- [Short web captions]

-- Opening Marker --

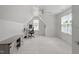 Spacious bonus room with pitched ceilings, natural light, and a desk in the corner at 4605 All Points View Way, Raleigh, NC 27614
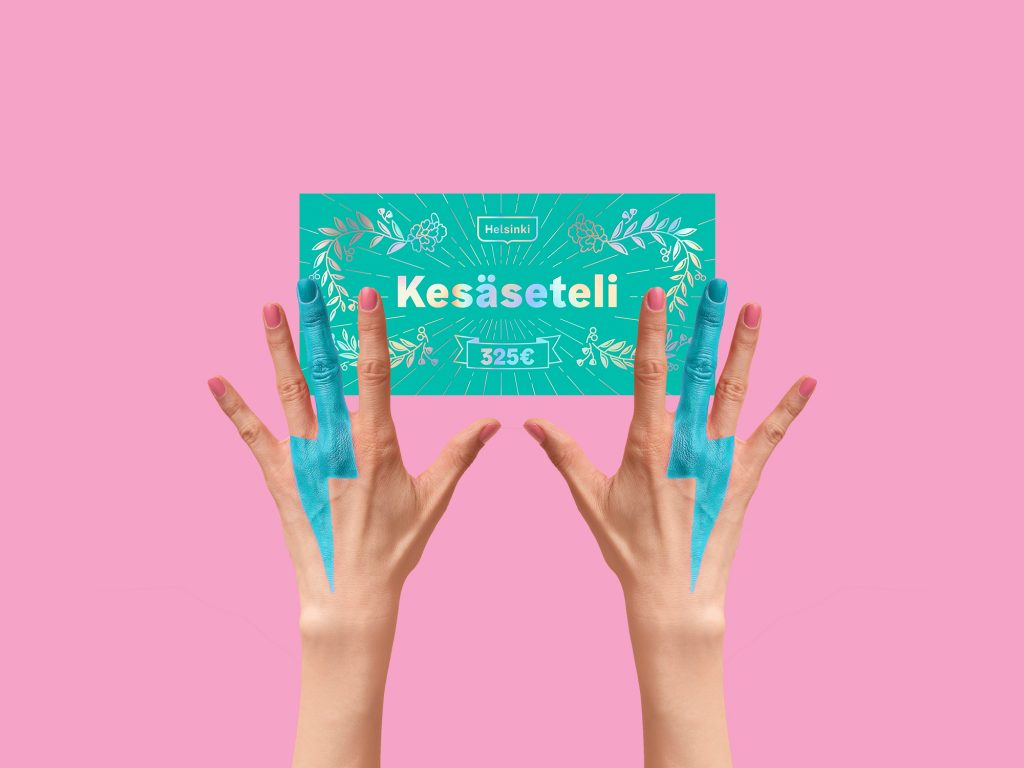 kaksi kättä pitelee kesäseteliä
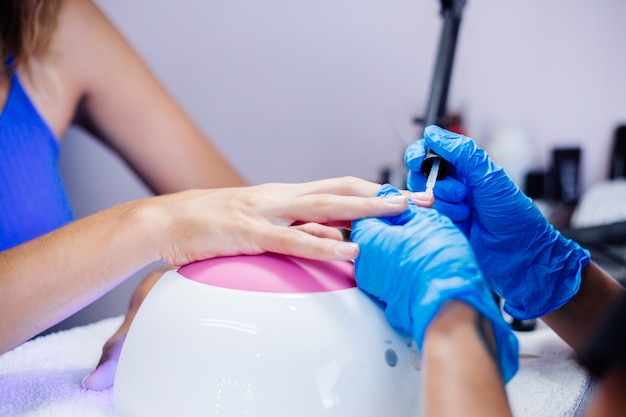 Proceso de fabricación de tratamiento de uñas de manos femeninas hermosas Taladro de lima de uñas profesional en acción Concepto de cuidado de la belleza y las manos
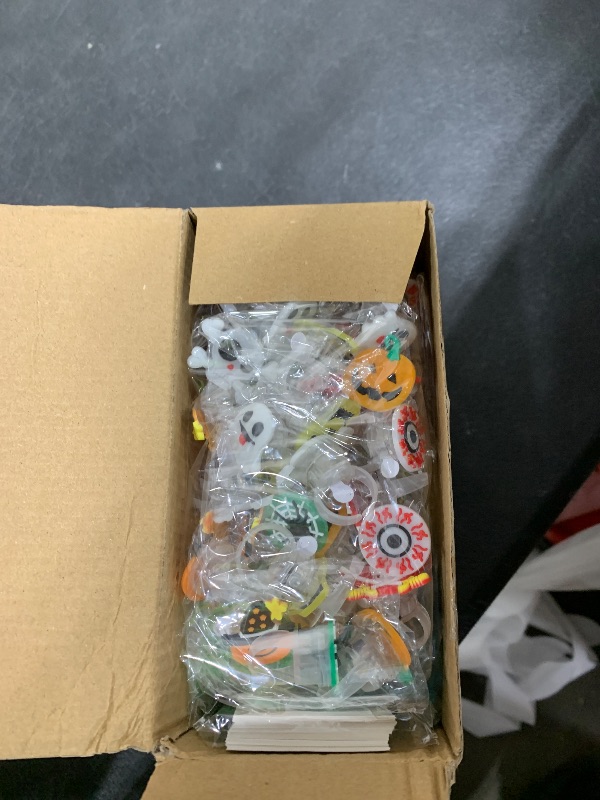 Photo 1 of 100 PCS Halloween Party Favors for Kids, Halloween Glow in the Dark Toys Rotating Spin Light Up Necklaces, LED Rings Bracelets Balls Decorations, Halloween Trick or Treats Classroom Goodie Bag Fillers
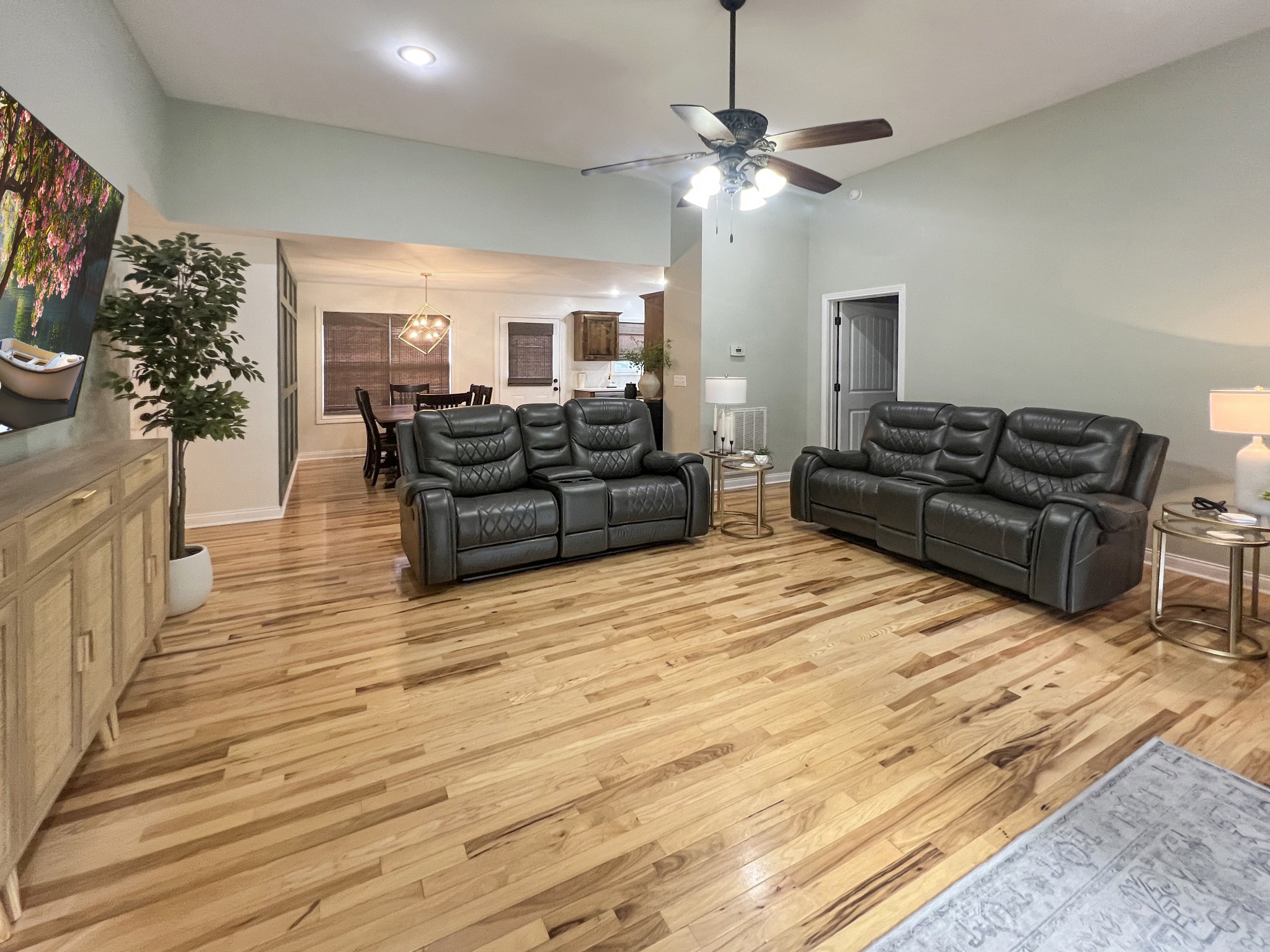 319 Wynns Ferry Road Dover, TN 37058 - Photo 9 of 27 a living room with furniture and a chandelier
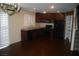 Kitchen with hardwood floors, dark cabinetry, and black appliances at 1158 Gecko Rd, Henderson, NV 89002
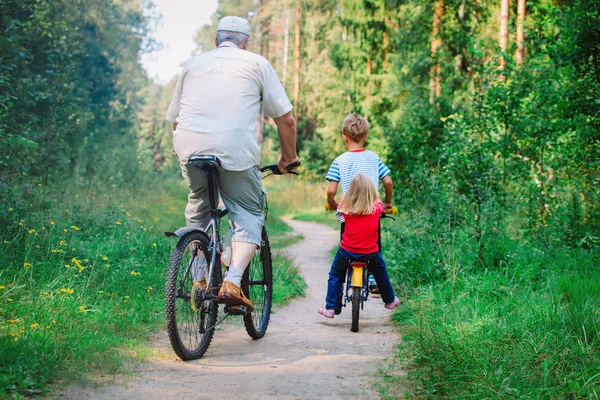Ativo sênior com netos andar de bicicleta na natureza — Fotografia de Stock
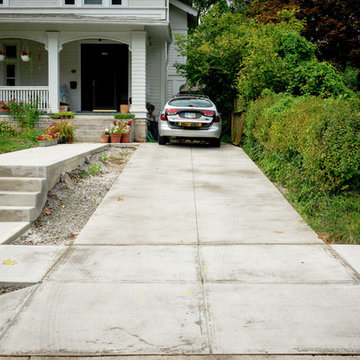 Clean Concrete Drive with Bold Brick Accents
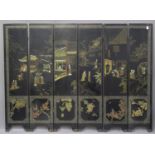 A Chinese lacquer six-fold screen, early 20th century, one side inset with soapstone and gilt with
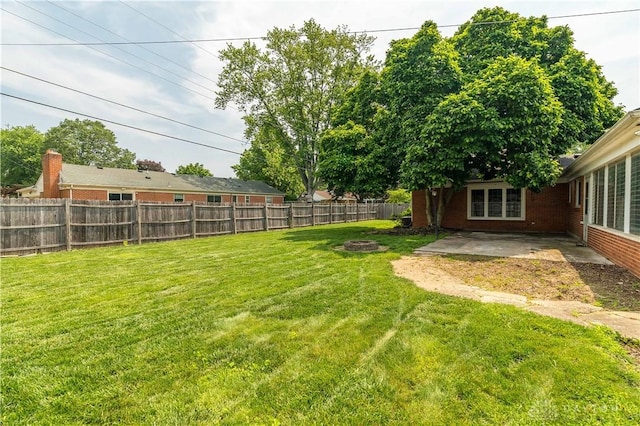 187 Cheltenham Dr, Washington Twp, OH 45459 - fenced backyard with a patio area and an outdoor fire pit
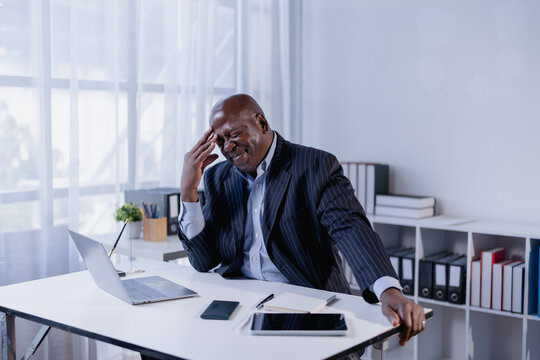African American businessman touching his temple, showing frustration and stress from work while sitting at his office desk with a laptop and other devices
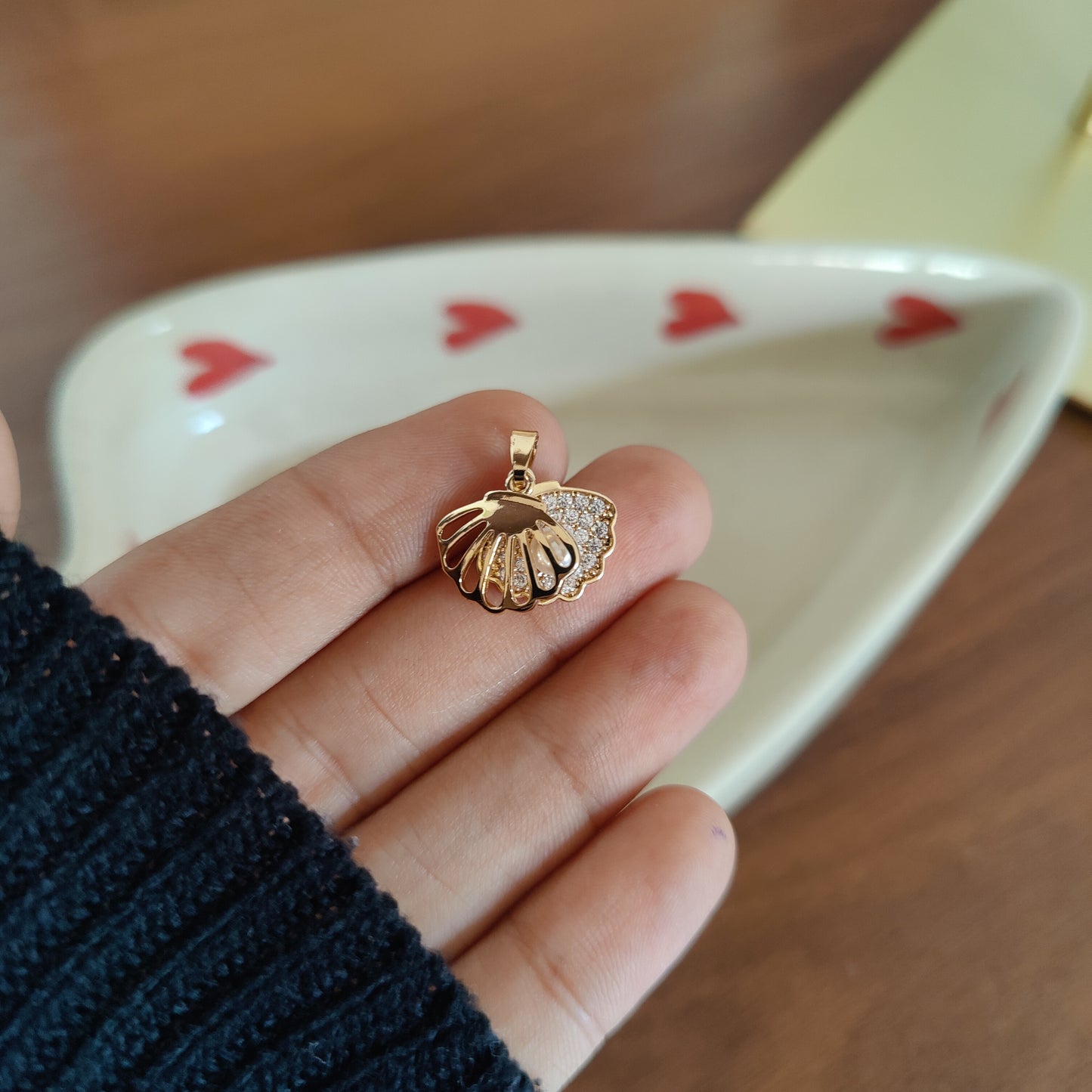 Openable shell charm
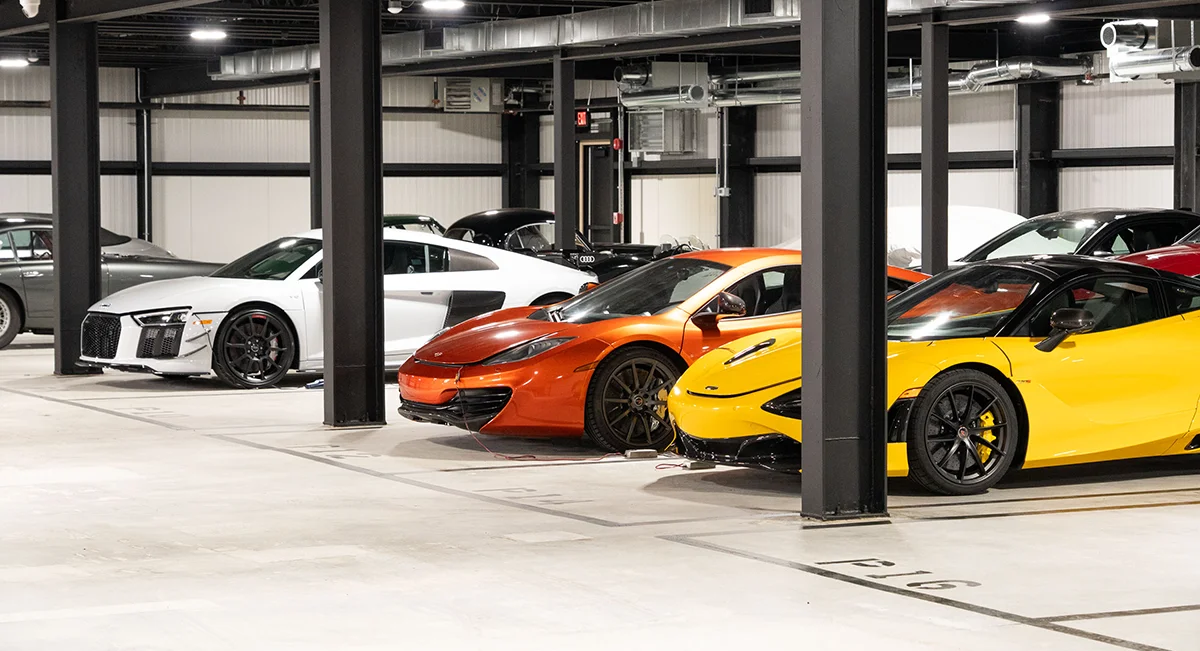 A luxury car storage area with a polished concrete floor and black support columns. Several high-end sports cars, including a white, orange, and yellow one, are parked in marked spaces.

-- Closing Marker --

- [WHAT TO PRODUCE] Every line of the records above must reappear exactly, though the pictures must not.

- [COMPLETED EXERCISE]
 Spacious bonus room with pitched ceilings, natural light, and a desk in the corner at 4605 All Points View Way, Raleigh, NC 27614
 kaksi kättä pitelee kesäseteliä
 Proceso de fabricación de tratamiento de uñas de manos femeninas hermosas Taladro de lima de uñas profesional en acción Concepto de cuidado de la belleza y las manos
 Photo 1 of 100 PCS Halloween Party Favors for Kids, Halloween Glow in the Dark Toys Rotating Spin Light Up Necklaces, LED Rings Bracelets Balls Decorations, Halloween Trick or Treats Classroom Goodie Bag Fillers
 319 Wynns Ferry Road Dover, TN 37058 - Photo 9 of 27 a living room with furniture and a chandelier
 Kitchen with hardwood floors, dark cabinetry, and black appliances at 1158 Gecko Rd, Henderson, NV 89002
Ativo sênior com netos andar de bicicleta na natureza — Fotografia de Stock
 Clean Concrete Drive with Bold Brick Accents
 A Chinese lacquer six-fold screen, early 20th century, one side inset with soapstone and gilt with
 187 Cheltenham Dr, Washington Twp, OH 45459 - fenced backyard with a patio area and an outdoor fire pit
African American businessman touching his temple, showing frustration and stress from work while sitting at his office desk with a laptop and other devices
 Openable shell charm
 A luxury car storage area with a polished concrete floor and black support columns. Several high-end sports cars, including a white, orange, and yellow one, are parked in marked spaces.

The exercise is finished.